Requirements: In 500 words or more explain A. How could an inaccurrate and distorted product costing system contribute to the overproliferations of parts and components at General Motors? and B. What charactoristics should a new cost system have that would enable it to signal accurately to product designers and market researchers about the cost of customization and variety? Please cite or list references used to receive the information.
Explanation / Answer
Traditional cost system, which assigns direct materials and direct labor to products, and allocates factory support based on direct labor, cannot signal the cost of component and product variety.

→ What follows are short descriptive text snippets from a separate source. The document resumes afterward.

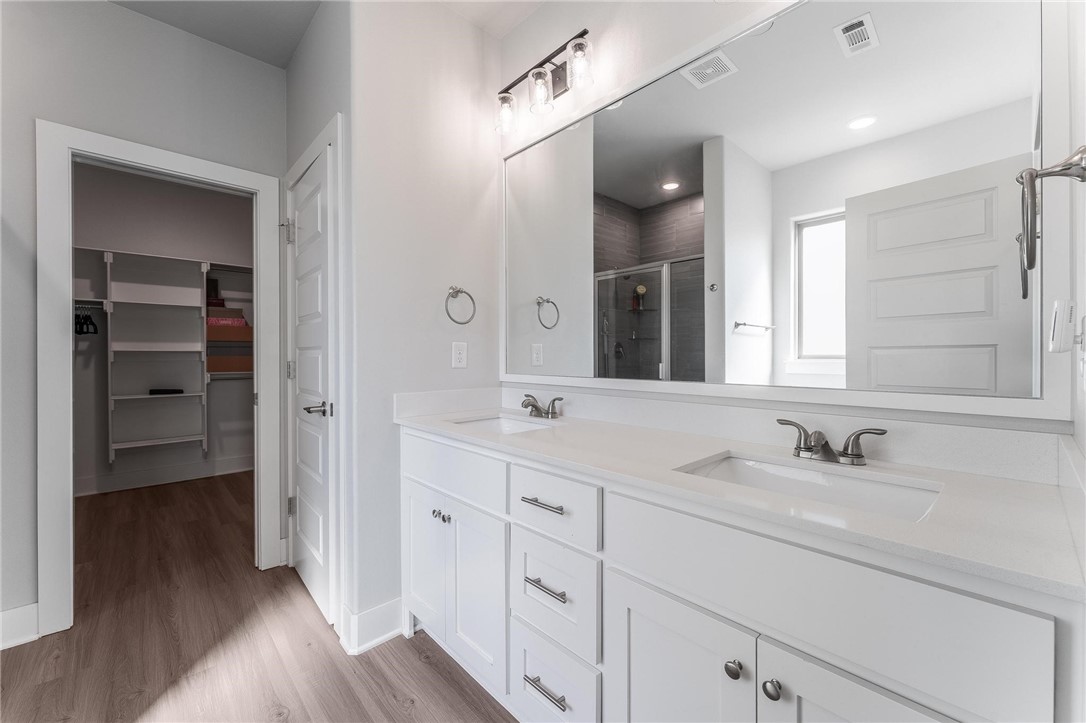 931 Moosehead Street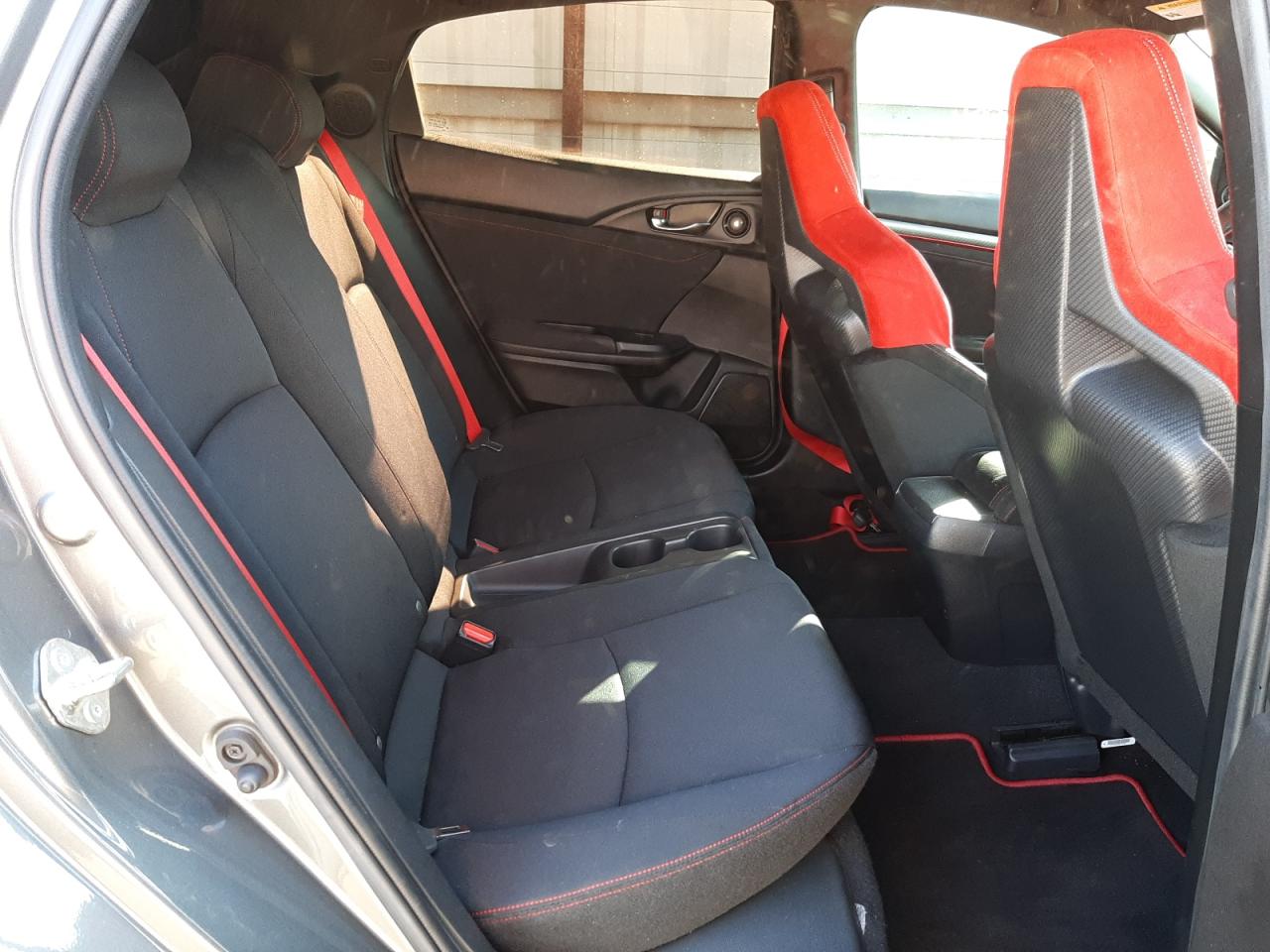 Photo 6 from auction – 2019 HONDA CIVIC TYPE with VIN SHHFK8G76KU206271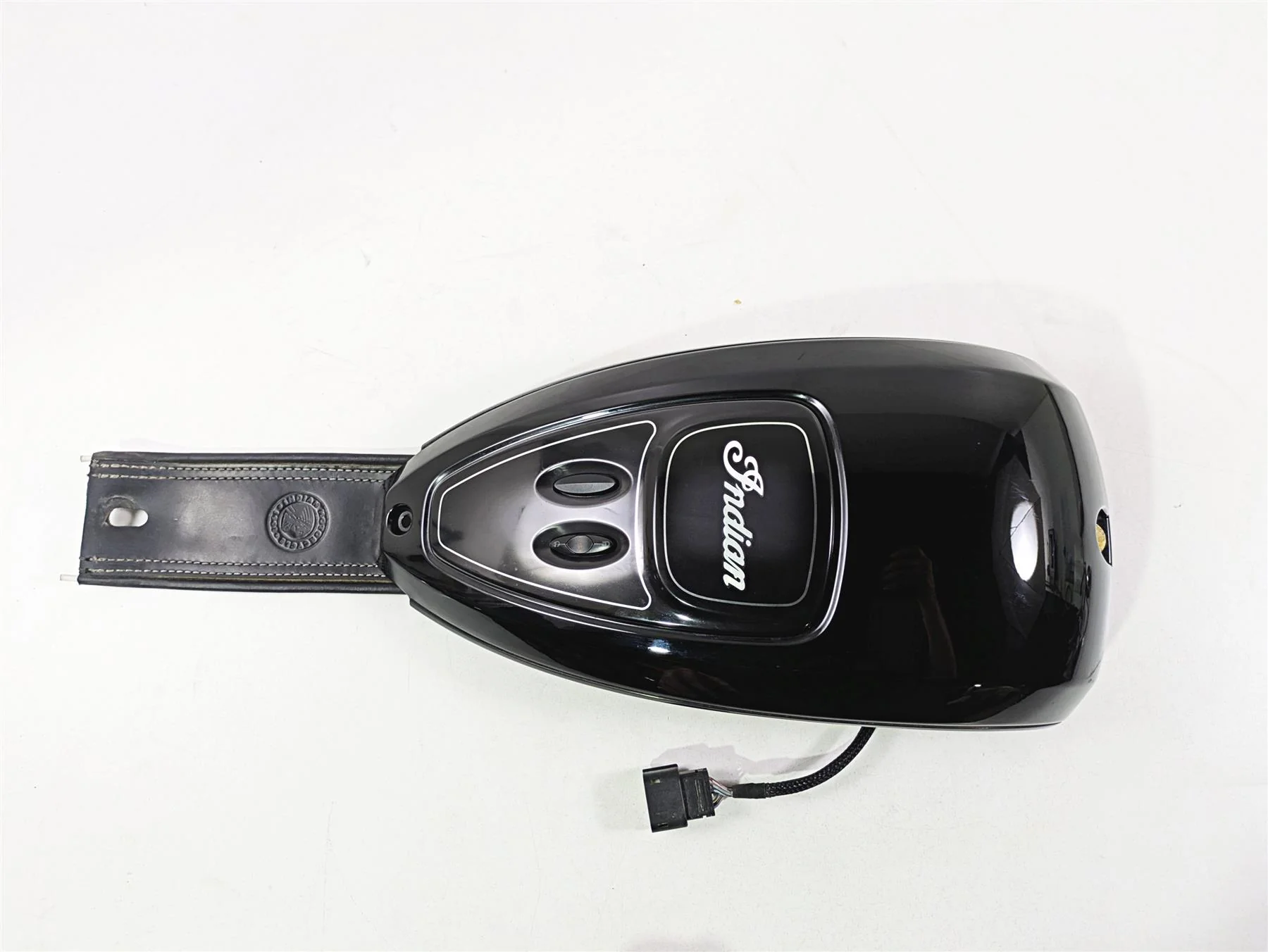 2017 Indian Chieftain Limited Black Fuel Gas Tank Cover & Switches Set 5633653 - Image 5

Marketing research may identify that consumers like to choose from a variety of options (especially when the alternatives are available without any cost associated with choosing; e.g., you can have any color of this or any variety of that). In this situation, product engineers can design lots of varieties and options. The cost system assigns cost only on the direct labor and materials content of these options. Thus making one million units of one steering column appears to cost the same as making 100,000 of 4 different steering columns, 10,000 each of 30 other steering columns, and 1,000 each of 300 other columns. But making 334 steering columns in batch sizes ranging from, for example, 100 to 10,000, and designing and supporting 334 different steering columns is much more expensive than just producing 5 or at most 40 different columns. A traditional cost system would report that production costs of labor and materials for the 1,000,000 steering columns is the same whether they are produced in 5 varieties, 40 varieties, or 334 varieties. Thus model and component proliferation is virtually impossible to stop when companies cost products using traditional cost systems.
In order to understand the cost of variety, the new cost system should identify the cost of introducing new varieties, colors, and options. The cost system will show the cost of setting up or changing over to make the new variety, color and option, a cost that will be independent of the number of units produced after the setup. Also the new cost system will show the cost of designing and supporting each new variety, color, and option (technically, in ABC terms, called the “product-sustaining” costs) that will be independent of the number of units produced. With the more accurate understanding of the costs of resources that perform batch and product-sustaining activities, the product engineers and marketing managers can jointly make better decisions on whether the higher cost of introducing another customized option will be compensated with higher sales volumes and/or higher margins.
As a specific example, one of General Motors’ competitors examined the cost of how many wire harnesses it used in a given car model. Currently it was producing 12 different wire harnesses, a number that seemed optimal using its traditional cost system. The ABC system—which incorporated the economics of batch production and product-sustaining expenses—revealed that the optimal number of harnesses was 5 or 6. And when the cost of stocking and servicing all the dealerships was incorporated into the analysis, the optimal number dropped to 2. In effect, the apparent savings in direct materials and labor from having customized wire harnesses for individual combinations of car options was far lower than the much higher support costs triggered by high engineering, production support, and service resources associated with having to produce, stock, and service 12 different wire harnesses for a single car model.